- **TASK**
Copy word for word the lines of the records below, beginning at the one with "ガッケン(学研)の【未使用そ" and finishing at the one with "遇见夏天App-20251103捞人截图", ends included, but none of the pictures.

AVAILABLE DATA: Begin

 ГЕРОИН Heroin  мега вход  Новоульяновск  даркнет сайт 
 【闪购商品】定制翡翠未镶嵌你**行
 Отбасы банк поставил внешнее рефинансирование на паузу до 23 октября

AVAILABLE DATA: End
AVAILABLE DATA: Begin

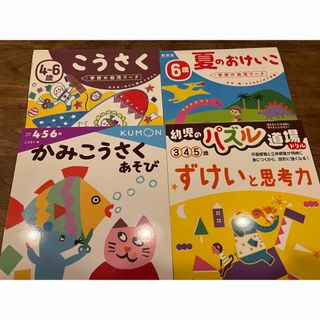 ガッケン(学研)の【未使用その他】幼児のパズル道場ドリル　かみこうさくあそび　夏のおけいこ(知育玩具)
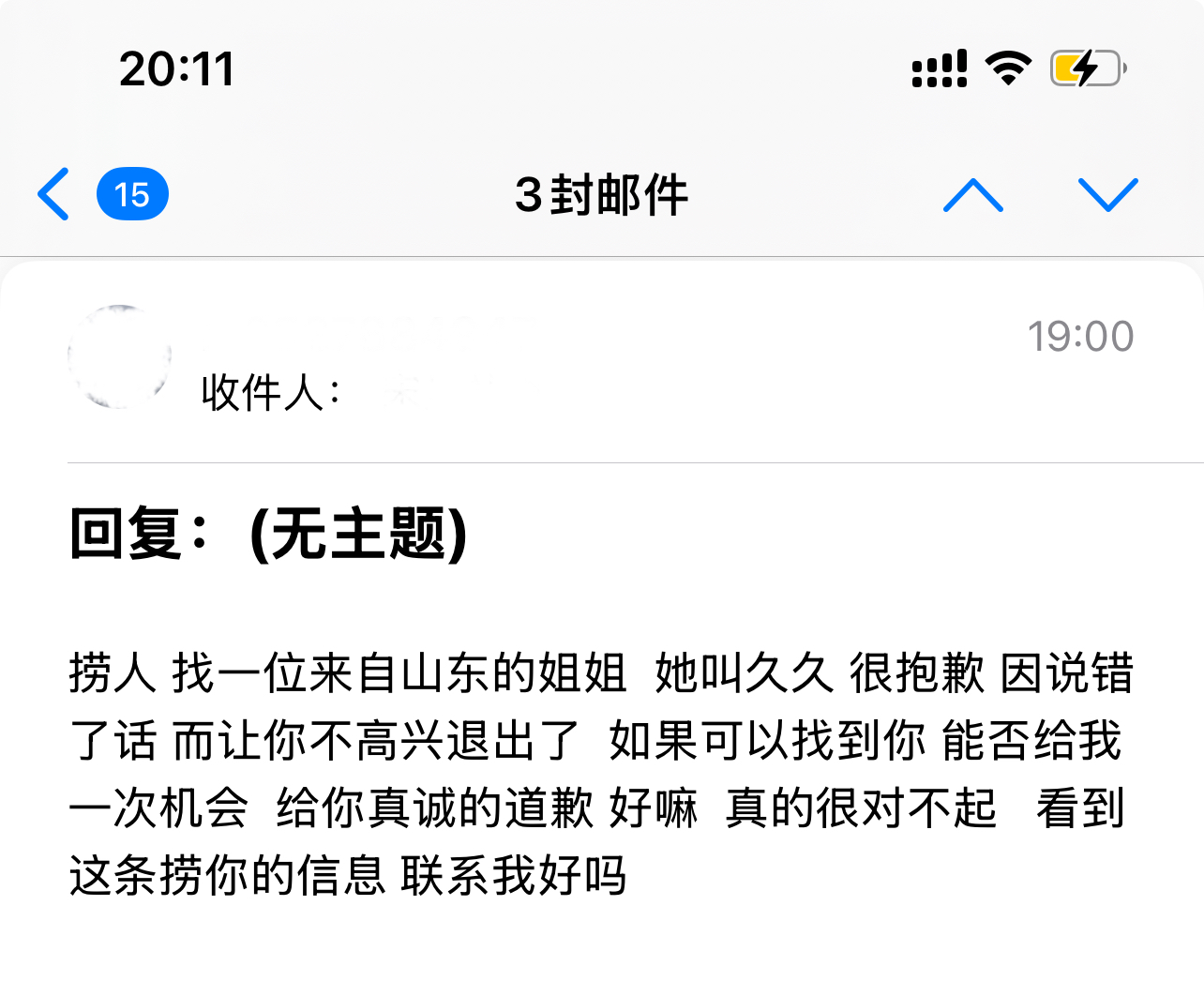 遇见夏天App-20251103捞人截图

AVAILABLE DATA: End

- **EXERCISE ANSWER**
 ガッケン(学研)の【未使用その他】幼児のパズル道場ドリル　かみこうさくあそび　夏のおけいこ(知育玩具)
 遇见夏天App-20251103捞人截图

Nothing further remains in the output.